URL Cache Simulation


The purpose of this assignment is to write a program that simulates a URL cache that a web browser maintains to keep a local store of frequently accessed web pages.  By keeping a local cache of web pages the browser can reduce the need for unnecessary and expensive network page retrievals.

When the cache receives a request for a web page, it first looks in its local storage (which we will simulate with a Map) to see if the cache already has a copy of the page.  If so, it returns that copy, otherwise it issues a request for the URL from the internet and caches the value that is retrieved.

The input is a list of URL's (sample).  The output is a report of how often each page was requested (sample), with a cache size of 5.

Class Diagram

class diagram

There are four classes you must implement in this application:

Here are the .class files for the instructor components (URLCacheApp and FakeURL) in a JAR formatted file:   FakeURL.jar
  DO NOT UNZIP THIS FILE. Add it as a custom library to your BlueJ project.
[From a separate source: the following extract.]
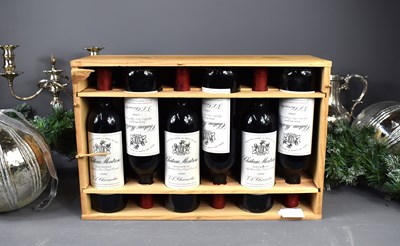 Lot 64 - A case of twelve bottles of Chateau Montrose...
It will be considered cheating if you unzip the jar file, submit the jar file to Web-CAT, or submit the unzipped classes with your project.
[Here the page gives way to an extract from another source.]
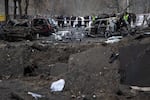 Residents stand near their apartment building, damaged during a Russian missile strike in Ukraine's capital Kyiv. Dozens were injured during the early hours of Dec. 13 after air defense systems intercepted incoming Russian ballistic targets.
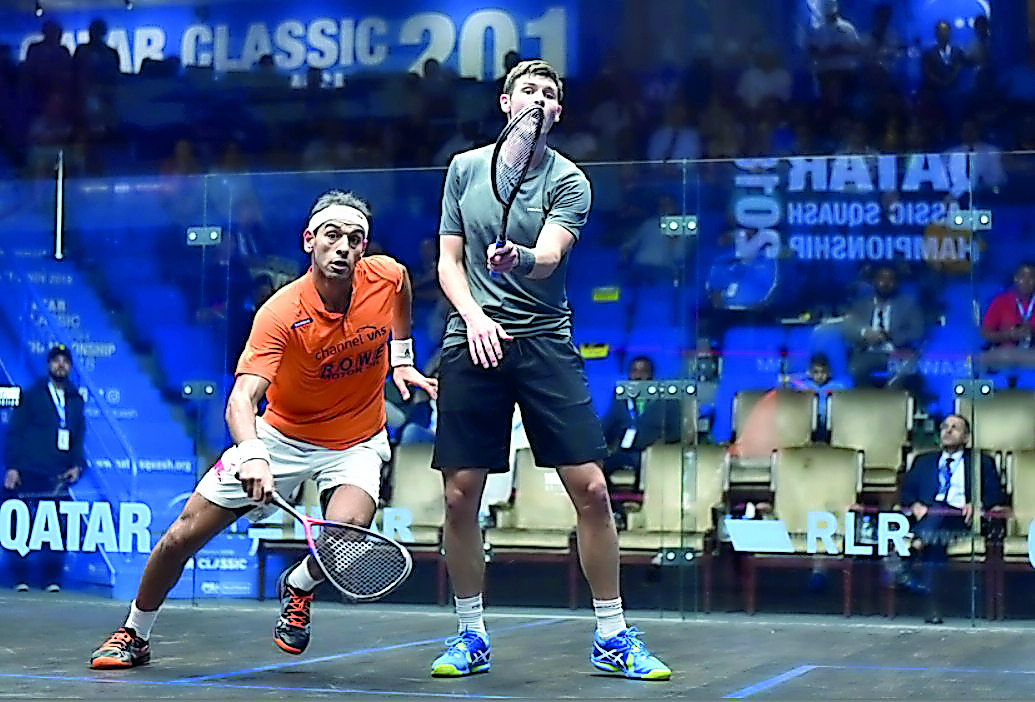 Egyptian world number one Mohamed El Shorbagy (left) in action against England’s Adrian Waller during their third round match of the Qatar Classic yesterday. 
Implementation Constraints

You must implement the Cache using a HashMap.

Here are the skeletons for the source code files.

Testing

Web-CAT will run your own unit tests and expect 100% statement coverage. Your components will be tested with instructor reference tests.  The reference tests are JUnit tests of your classes.  There will be a performance test of a over 10000 items to make sure previously fetched pages are returned from the cache and don't cause redundant fetches from the internet. There's a time limit of 10 seconds.
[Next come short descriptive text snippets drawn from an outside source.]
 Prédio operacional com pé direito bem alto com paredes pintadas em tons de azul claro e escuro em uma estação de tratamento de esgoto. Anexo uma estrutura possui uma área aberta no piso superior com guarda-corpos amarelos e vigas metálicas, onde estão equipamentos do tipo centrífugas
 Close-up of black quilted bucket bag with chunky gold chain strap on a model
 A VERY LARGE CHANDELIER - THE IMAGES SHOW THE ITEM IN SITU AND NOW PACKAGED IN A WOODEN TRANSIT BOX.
Here's a simple test case:
    public void testSimpleReport() throws java.io.IOException
    {
        try
        {
            String dataIn = "http://www.calpoly.edu";
            StringReader rdr = new StringReader(dataIn);
            StringWriter sw = new StringWriter();
            CacheSimulator sim = new CacheSimulator(10);
            sim.simulate(rdr);
            sim.makeReport(sw);
            Scanner scan = new Scanner(sw.toString()); // allowed in Java 7
            assertEquals("Wrong count", 1, scan.nextInt());
        }
        catch (java.util.NoSuchElementException ex)
        {
            fail("Not enough lines in report");
        }
    }

The trickiest test case is when the cache fills up.  Here is a simple test to demonstrate the desired behavior for a simple set of data.
    
    public void testCacheLimit()
    {
        // Create a cache with room for 3 items
        Cache aCache = new Cache(3);
        
        final String url1 = "http://primes.utm.edu/lists/small/1000.txt";
        final String url2 = "http://history.eserver.org/gettysburg-address.txt";
        final String url3 = "http://users.csc.calpoly.edu/~jdalbey/103/Demo/CalcDirection.java";
        final String url4 = "http://www.census.gov/tiger/tms/gazetteer/zips.txt";
        
        // Request these items twice
        for (int loop=1; loop<=2;loop++)
        {
            aCache.requestPage(url1);
            aCache.requestPage(url2);
        }
        // Request this item once (it's the low frequency item)
        aCache.requestPage(url3);
        
        aCache.requestPage(url4);  // should force removal of url3
        
        // should increase request count but not fetch count
        aCache.requestPage(url1);
        aCache.requestPage(url1);  

        assertEquals(8,aCache.getRequestCount());
        assertEquals(4,aCache.getUrlFetchCount());
        ArrayList<WebPage> list = aCache.getPageList();
        assertEquals(3,list.size());    
        assertEquals(url4,list.get(list.size()-1).getUrl());    
        assertEquals(1,list.get(list.size()-1).getFrequency());
    }



Handing in Your Source Electronically
GRADING

Your score on Web-CAT contributes to your project score as follows:
Results from Running Your Tests (100)
Estimate of Problem Coverage (100)
Both of these must be 100 or your project score is zero.
60%
Code Coverage from Your Tests  (0-100)
20%
Style/Coding (0-10)  
10%
Design/Readability (inspection by grader)
10%




FAQ

Q: I'm getting this error from my requestPage() method: "unreported Exception ... must be caught or declared to be thrown."
A: Check the javadocs for requestPage(). It doesn't throw any exceptions. So you should catch them.

Q: Web-CAT is saying "No line found". But my scanner seems to be working okay.
A: That error could be from the instructor test. I call your CacheReport with a file, so it should send the output to a file, and then I try to read that file to verify the output. So it might be something is wrong with your output format. Some students have found the problem was that they were using the low-level write() method. I suggest wrapping the Writer in a PrintWriter so you can use higher level methods like println().

Q: What do you mean by "column 1?"
A: Sorry this was so confusing; I simply mean the first column of the line.

Q: How can I force an IOException to be thrown, so I can get 100% code coverage?
A: There is now a "secret" url, http://forceioexception, that when provided as input, will cause FakeURL to throw IOException.